Skip to main content
The connector is a Spark DataSourceV2 implementation that adapts an Ocient System to operate as a first-class source and sink for Spark workloads. Built on top of the Ocient JDBC driver, the connector allows Spark to read from and write to Ocient tables using Spark APIs and SQL statements. The connector implements Spark catalog and table interfaces so you can register Ocient as a catalog (for CREATE TABLE, INSERT, SELECT, and SHOW TABLES SQL statements) or use it for ad‑hoc reads and writes.

Key Features

The Ocient Spark connector includes these key features:
  • Read Pushdown — The connector accelerates reads by pushing column selection, filters (including on nested fields), aggregations, and queries that only need the first N rows down to the Ocient System while still letting Spark validate the final results.
  • Read Partitioning — The connector parallelizes reads by splitting data into multiple Spark partitions based on a partition column.
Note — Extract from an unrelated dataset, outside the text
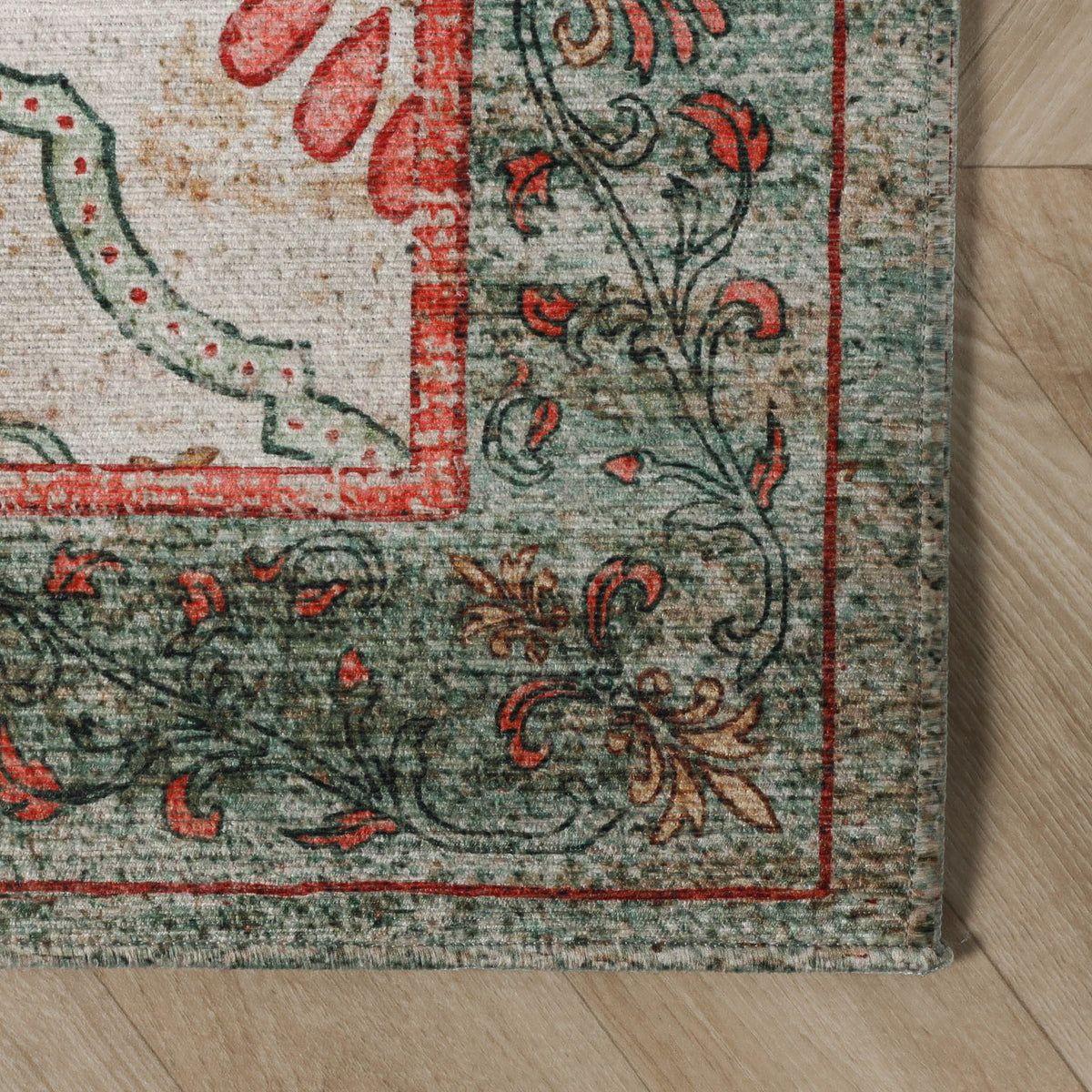 Vintage rug - Sage Grid Green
For details, see Read Partitioning Options.
  • DataFrame Write Behavior and Save Modes — The connector controls how it writes DataFrames to Ocient tables by honoring Spark save modes to append (Append), truncate‑and‑replace (Overwrite), or fail on existing tables (ErrorIfExists).
  • Catalog Support — The connector exposes Ocient as a Spark catalog so you can use standard Spark SQL directly on an Ocient System.

Prerequisites

To use the Ocient Spark connector, your system must meet these software requirements.
SoftwareVersion
OcientUse Ocient System version 26.1 or later.
Operating System (OS), , or .
Use the latest version of each OS.
Apache SparkVersion 3.5 or later.
Version 8 or later.
Ocient JDBC driverVersion 4.0 or later.
Additionally, you must have the SELECT, INSERT, CREATE, and DELETE user privileges for the specified database. For details, see Data Control Language (DCL) Statement Reference.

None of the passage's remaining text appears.